Captioned web image data
Content starts

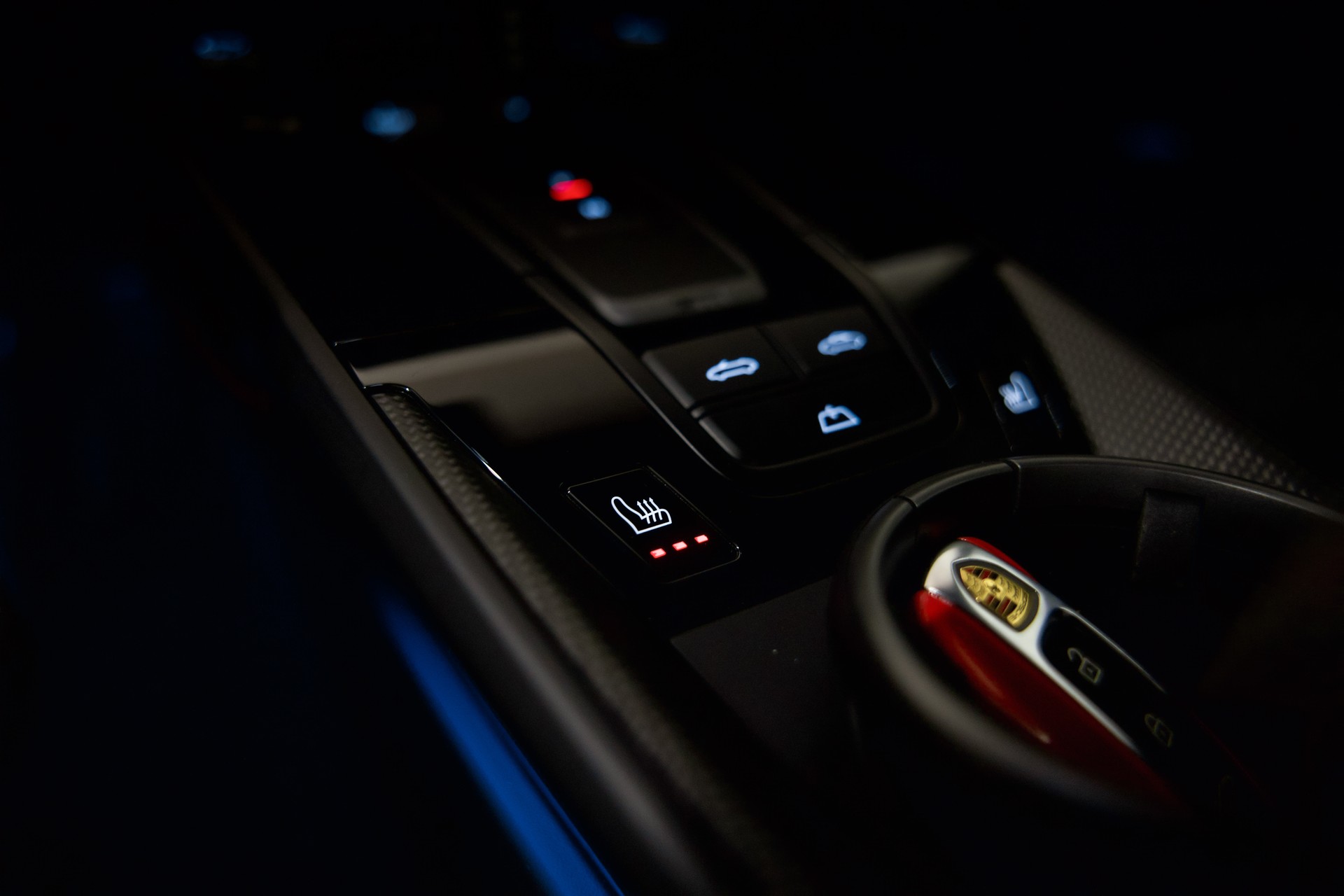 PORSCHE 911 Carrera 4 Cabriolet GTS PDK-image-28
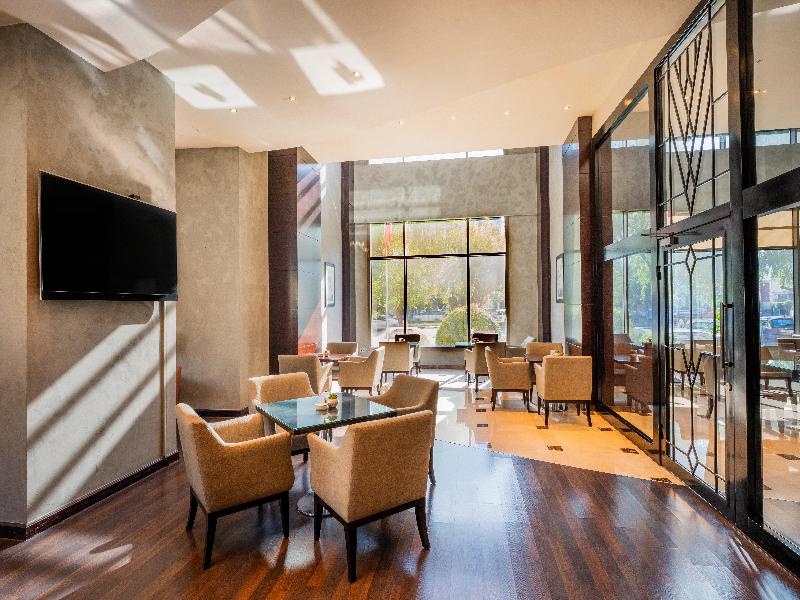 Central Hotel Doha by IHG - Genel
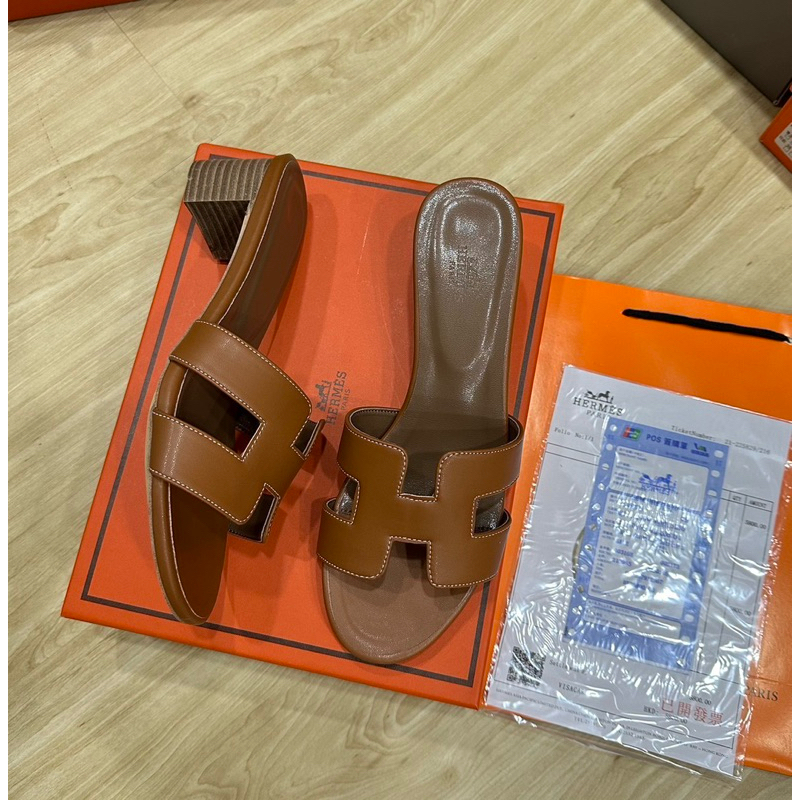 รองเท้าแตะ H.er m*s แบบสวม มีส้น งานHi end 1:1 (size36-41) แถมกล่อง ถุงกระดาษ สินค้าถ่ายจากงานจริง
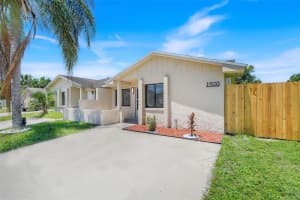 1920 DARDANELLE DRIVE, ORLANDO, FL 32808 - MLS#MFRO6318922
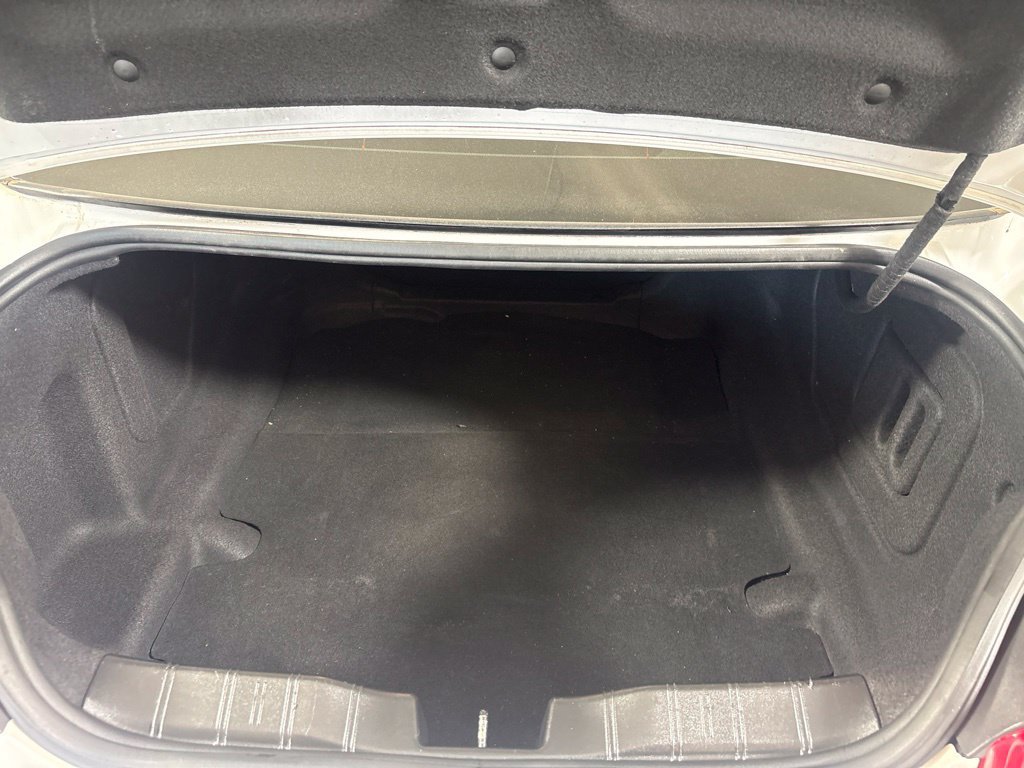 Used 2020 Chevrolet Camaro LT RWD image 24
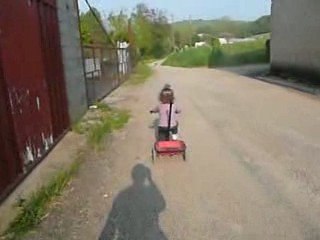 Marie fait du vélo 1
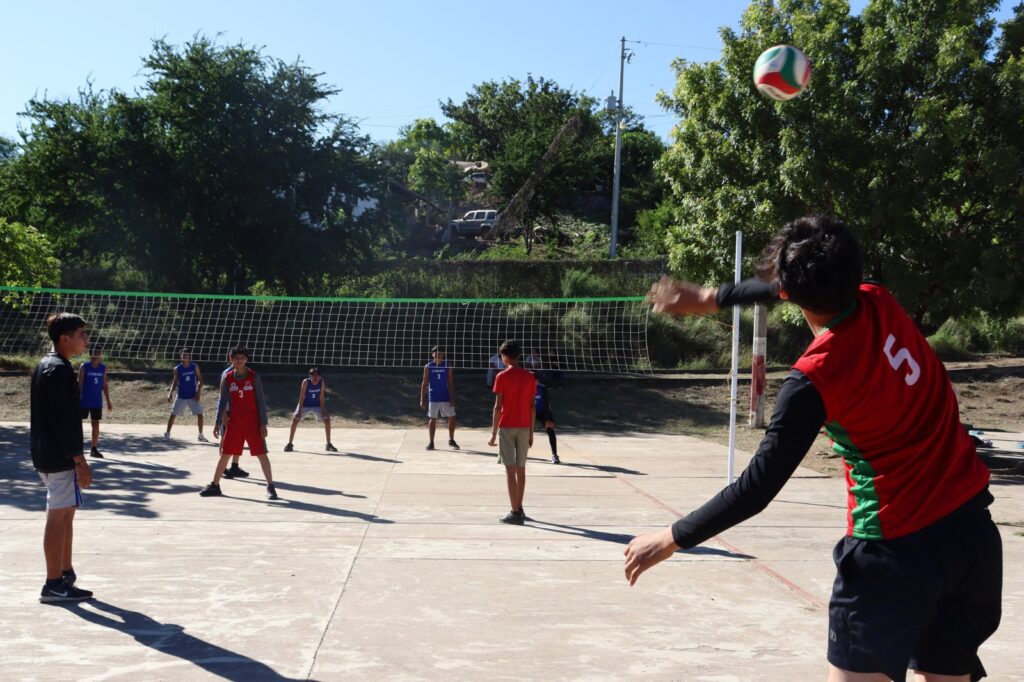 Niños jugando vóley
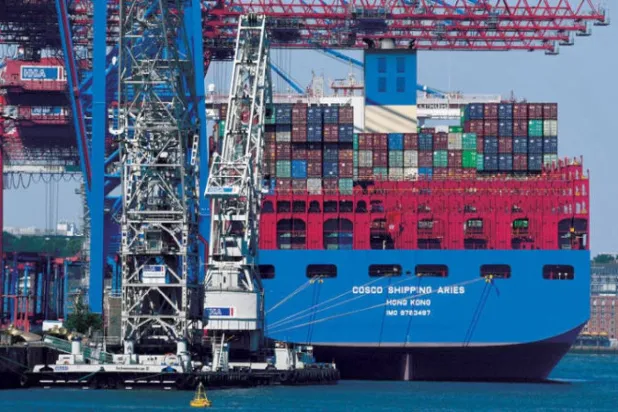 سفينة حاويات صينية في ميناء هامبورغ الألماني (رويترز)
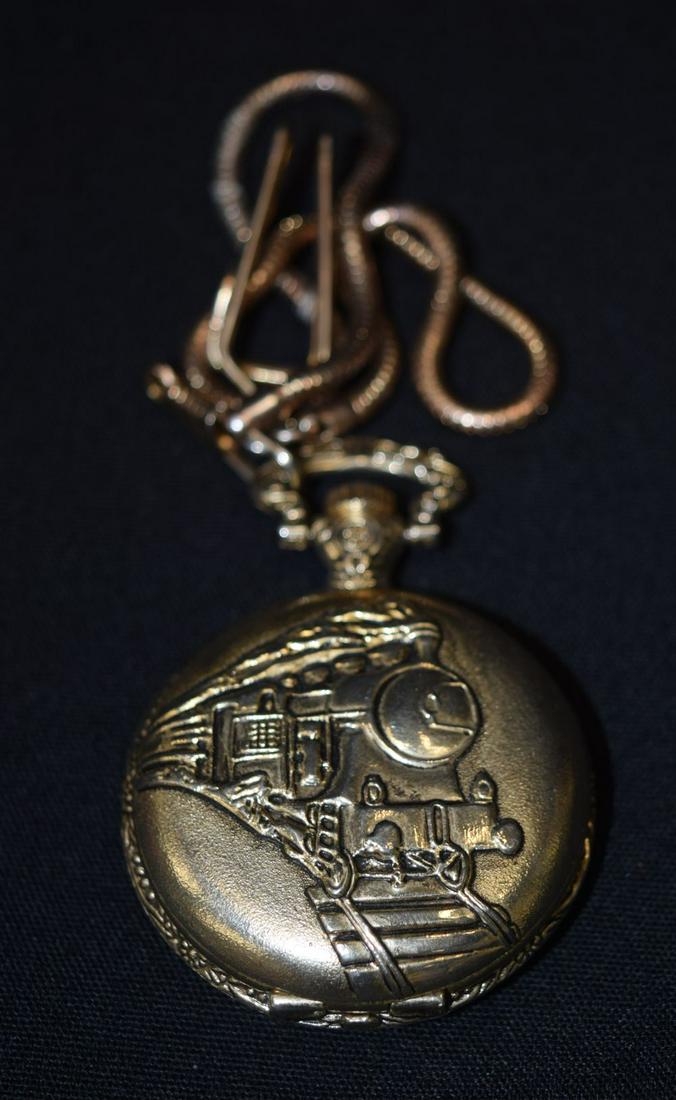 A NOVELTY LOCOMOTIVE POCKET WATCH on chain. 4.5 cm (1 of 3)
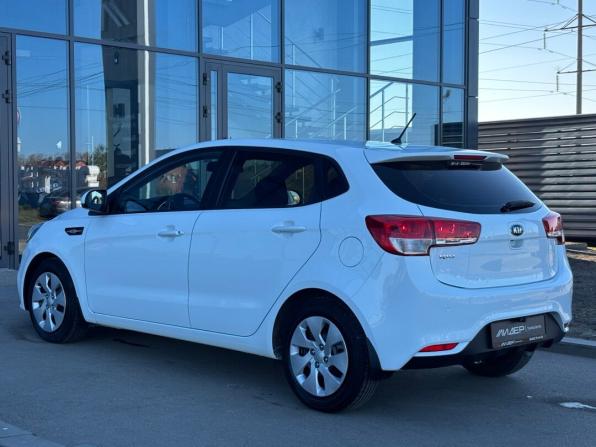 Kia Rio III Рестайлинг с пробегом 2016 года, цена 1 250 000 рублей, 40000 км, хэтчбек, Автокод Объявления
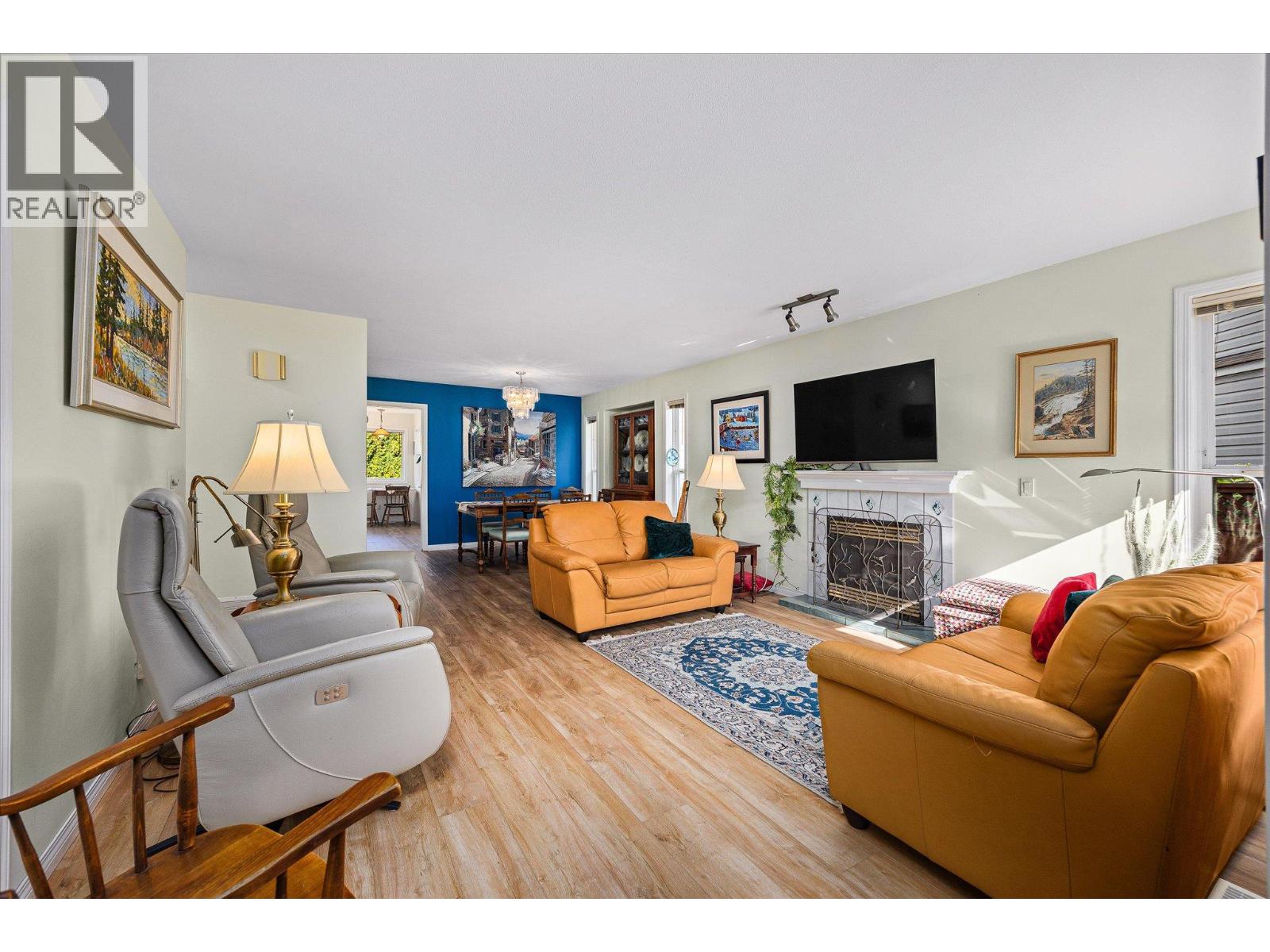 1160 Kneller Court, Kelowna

Content ends

• **Problem details**:
Give an exact copy of the entries, excluding all pictures.

• **The completed task**:
 PORSCHE 911 Carrera 4 Cabriolet GTS PDK-image-28
 Central Hotel Doha by IHG - Genel
 รองเท้าแตะ H.er m*s แบบสวม มีส้น งานHi end 1:1 (size36-41) แถมกล่อง ถุงกระดาษ สินค้าถ่ายจากงานจริง
 1920 DARDANELLE DRIVE, ORLANDO, FL 32808 - MLS#MFRO6318922
 Used 2020 Chevrolet Camaro LT RWD image 24
 Marie fait du vélo 1
 Niños jugando vóley
 سفينة حاويات صينية في ميناء هامبورغ الألماني (رويترز)
 A NOVELTY LOCOMOTIVE POCKET WATCH on chain. 4.5 cm (1 of 3)
 Kia Rio III Рестайлинг с пробегом 2016 года, цена 1 250 000 рублей, 40000 км, хэтчбек, Автокод Объявления
 1160 Kneller Court, Kelowna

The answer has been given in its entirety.